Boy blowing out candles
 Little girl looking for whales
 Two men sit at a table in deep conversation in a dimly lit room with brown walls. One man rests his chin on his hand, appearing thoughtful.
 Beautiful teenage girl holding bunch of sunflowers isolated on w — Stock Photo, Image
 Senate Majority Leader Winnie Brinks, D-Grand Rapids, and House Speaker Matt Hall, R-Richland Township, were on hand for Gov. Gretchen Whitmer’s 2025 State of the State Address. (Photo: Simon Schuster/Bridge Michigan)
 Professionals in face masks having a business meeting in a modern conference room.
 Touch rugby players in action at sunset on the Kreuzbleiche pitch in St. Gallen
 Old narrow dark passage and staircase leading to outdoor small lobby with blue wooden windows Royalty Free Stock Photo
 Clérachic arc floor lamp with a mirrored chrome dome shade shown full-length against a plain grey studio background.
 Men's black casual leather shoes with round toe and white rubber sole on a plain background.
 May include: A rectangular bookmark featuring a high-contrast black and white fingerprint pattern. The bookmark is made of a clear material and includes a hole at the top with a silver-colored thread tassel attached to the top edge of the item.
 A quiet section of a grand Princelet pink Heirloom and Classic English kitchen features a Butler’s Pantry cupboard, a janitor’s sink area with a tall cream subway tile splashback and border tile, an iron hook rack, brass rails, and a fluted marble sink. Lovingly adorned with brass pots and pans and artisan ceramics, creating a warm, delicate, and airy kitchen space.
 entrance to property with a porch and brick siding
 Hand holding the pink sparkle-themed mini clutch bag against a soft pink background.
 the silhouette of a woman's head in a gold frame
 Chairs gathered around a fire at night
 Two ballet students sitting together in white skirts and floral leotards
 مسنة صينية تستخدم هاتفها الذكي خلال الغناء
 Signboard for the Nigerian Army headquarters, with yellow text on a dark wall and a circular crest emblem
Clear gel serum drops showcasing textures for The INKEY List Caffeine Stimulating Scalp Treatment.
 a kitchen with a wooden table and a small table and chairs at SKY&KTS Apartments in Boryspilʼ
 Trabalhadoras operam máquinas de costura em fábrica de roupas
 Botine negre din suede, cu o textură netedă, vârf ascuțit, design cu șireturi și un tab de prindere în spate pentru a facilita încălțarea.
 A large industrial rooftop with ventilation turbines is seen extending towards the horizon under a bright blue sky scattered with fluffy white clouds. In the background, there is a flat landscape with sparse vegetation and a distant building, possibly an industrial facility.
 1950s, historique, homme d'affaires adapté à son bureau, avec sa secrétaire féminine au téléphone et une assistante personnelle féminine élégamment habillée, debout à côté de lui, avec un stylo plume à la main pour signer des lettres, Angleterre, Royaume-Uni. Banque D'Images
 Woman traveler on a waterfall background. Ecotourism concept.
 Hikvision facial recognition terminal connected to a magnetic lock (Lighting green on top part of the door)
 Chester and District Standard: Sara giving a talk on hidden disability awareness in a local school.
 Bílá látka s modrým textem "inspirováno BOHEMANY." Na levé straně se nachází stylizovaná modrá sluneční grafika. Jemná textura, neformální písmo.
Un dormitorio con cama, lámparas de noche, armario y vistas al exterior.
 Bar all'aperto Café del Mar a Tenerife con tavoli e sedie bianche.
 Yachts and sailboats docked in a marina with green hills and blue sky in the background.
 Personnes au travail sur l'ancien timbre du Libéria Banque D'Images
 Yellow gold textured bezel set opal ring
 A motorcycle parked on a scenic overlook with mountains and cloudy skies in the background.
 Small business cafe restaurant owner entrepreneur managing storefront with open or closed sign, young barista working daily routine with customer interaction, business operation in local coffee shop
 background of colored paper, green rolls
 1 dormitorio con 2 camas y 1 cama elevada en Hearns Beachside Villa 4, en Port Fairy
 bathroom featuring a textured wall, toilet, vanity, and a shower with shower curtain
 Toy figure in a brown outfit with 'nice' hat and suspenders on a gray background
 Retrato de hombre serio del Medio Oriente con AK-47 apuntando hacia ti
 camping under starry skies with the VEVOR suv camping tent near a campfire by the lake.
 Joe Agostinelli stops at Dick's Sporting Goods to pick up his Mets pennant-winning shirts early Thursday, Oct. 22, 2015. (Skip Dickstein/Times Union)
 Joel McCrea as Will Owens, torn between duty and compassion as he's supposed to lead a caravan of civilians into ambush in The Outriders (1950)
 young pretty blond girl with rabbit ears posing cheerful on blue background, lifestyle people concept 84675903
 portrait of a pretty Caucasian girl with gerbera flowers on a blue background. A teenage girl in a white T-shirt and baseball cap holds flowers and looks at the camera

= WHAT THE EXERCISE ASKS =
What is needed is a word-for-word copy of the records above, from the first line through the line that contains "Beautiful teenage girl".

= OUTPUT OF THE TASK =
Boy blowing out candles
 Little girl looking for whales
 Two men sit at a table in deep conversation in a dimly lit room with brown walls. One man rests his chin on his hand, appearing thoughtful.
 Beautiful teenage girl holding bunch of sunflowers isolated on w — Stock Photo, Image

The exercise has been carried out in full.